I have a perl script that generates a list of batch jobs (yml files) for each of the samples that i have to process. Then i run kubectl apply --recursive -f 16S_jobscripts/
For example each sample needs to be treated sequentially and go through different processing
Exemple:
SampleA -> clean -> quality -> some_calculation
SampleB -> clean -> quality -> some_calculation
and so on for 300 samples.
So the idea is to prepare all the yml files and run them sequentially. This is working.
BUT, with this approach i need to wait that all samples are processed (let´s say that all the clean jobs need to completed before i run the next jobs quality).
what would be the best approach in such case, run each sample independently ?? how ?
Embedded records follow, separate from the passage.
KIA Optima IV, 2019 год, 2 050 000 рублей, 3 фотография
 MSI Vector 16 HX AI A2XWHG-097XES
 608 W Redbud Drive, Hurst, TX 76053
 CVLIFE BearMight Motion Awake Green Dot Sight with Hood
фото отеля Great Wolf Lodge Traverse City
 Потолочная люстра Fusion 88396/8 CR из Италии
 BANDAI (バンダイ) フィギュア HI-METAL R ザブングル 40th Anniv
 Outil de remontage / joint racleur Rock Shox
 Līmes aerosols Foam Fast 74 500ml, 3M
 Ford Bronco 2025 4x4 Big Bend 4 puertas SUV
The yml below describe one Sample for one job. You can see that i´m using a counter (mergereads-1 for sample1(A))
apiVersion: batch/v1
kind: Job
metadata:
name: merge-reads-1
namespace: namespace-id-16s
labels:
jobgroup: mergereads
spec:
template:
metadata:
name: mergereads-1
labels:
jobgroup: mergereads
spec:
containers:
- name: mergereads-$idx
image: .../bbmap:latest
command: ['sh', '-c']
args: ['
cd workdir &&
bbmerge.sh -Xmx1200m in1=files/trimmed/1.R1.trimmed.fq.gz in2=files/trimmed/1.R2.trimmed.fq.gz out=files/mergedpairs/1.merged.fq.gz merge=t mininsert=300 qtrim2=t minq=27 ratiomode=t &&
ls files/mergedpairs/
']
resources:
limits:
cpu: 1
memory: 2000Mi
requests:
cpu: 0.8
memory: 1500Mi
volumeMounts:
- mountPath: '/workdir'
name: db
volumes:
- name: db
persistentVolumeClaim:
claimName: workdir
restartPolicy: Never
If i understand you correctly you can use parallel-jobs with a use of Job Patterns.
It does support parallel processing of a set of independent but related work items.
Also you can consider using Argo. https://github.com/argoproj/argo
Argo Workflows is an open source container-native workflow engine for orchestrating parallel jobs on Kubernetes. Argo Workflows is implemented as a Kubernetes CRD (Custom Resource Definition).
Please let me know if that helps.